L’Europa verso l’autonomia strategica nello spazio entro il 2030
In Breve
- Qual è l'obiettivo dell'Europa nello spazio entro il 2030?
- Raggiungere una maggiore autonomia strategica e rafforzare la sovranità tecnologica.
- Quali sono le principali direttrici della road map europea?
- Incremento della presenza umana in orbita bassa, esplorazione lunare e missione su Marte.
- Chi è Luca Parmitano e quale sarà il suo ruolo?
- Luca Parmitano sarà pilota nella missione Artemis III per l'esplorazione lunare.
Le 28 delegazioni degli Stati membri e associati dell’Agenzia Spaziale Europea (ESA) hanno recentemente partecipato a una videoconferenza per delineare una road map strategica volta a rafforzare la sovranità tecnologica europea nello spazio. Questo incontro, promosso dal ministro italiano delle Imprese e del Made in Italy Adolfo Urso e dalla ministra federale tedesca Dorothee Bär, si inserisce nel contesto della crescente necessità di una maggiore autonomia strategica europea entro il 2030.
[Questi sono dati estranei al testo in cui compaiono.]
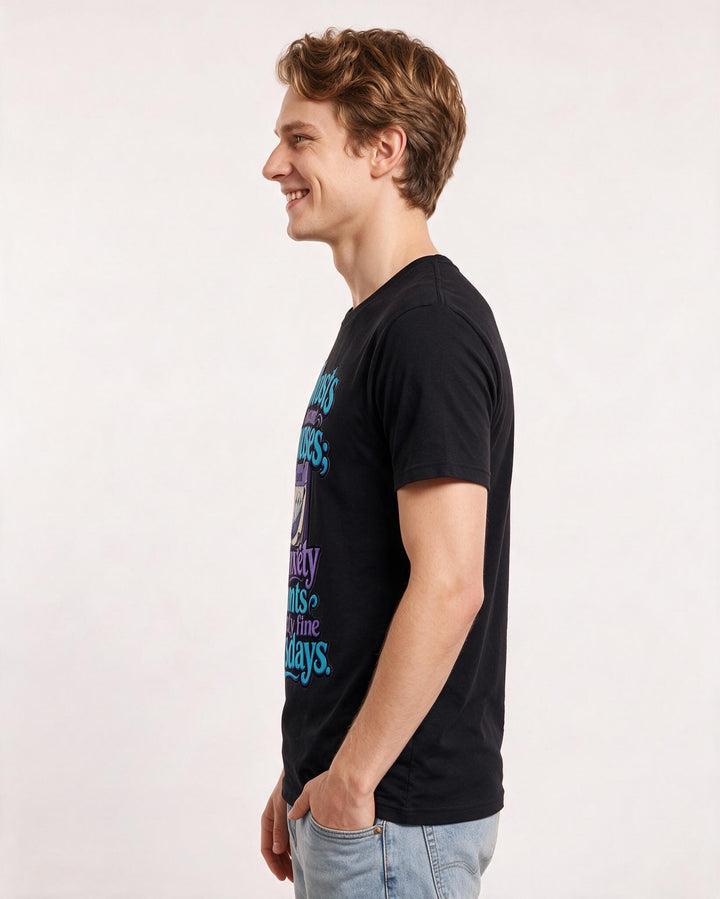 Halloween Black T-Shirt for Men – Halloween Theme Graphic Tee product image 2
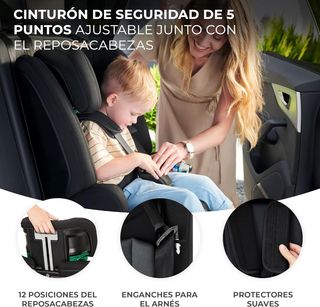 Kinderkraft SAFETY FIX 2 I-SIZE 75-150 cm Silla co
La road map è stata progettata in vista della Conferenza Ministeriale Intermedia (IMM26), prevista a Roma il 15 dicembre, durante il triennio in cui l’Italia presiede il Consiglio dell’ESA. Gli obiettivi delineati si articolano attorno a tre direttrici principali: l’incremento della presenza umana in orbita bassa, il raggiungimento della superficie lunare entro il 2030 e l’organizzazione di una missione esplorativa su Marte nello stesso arco temporale.
Per quanto riguarda l’accesso allo spazio, è stata evidenziata la necessità di sviluppare capacità autonome di trasporto, sia per carichi cargo che per missioni umane. Questo sviluppo mira a promuovere una competizione dinamica tra operatori industriali, con l’obiettivo di aumentare l’efficienza dei servizi. Tra le proposte emerse, si parla dello sviluppo di un lanciatore pesante di nuova generazione e della creazione di un’infrastruttura orbitante europea.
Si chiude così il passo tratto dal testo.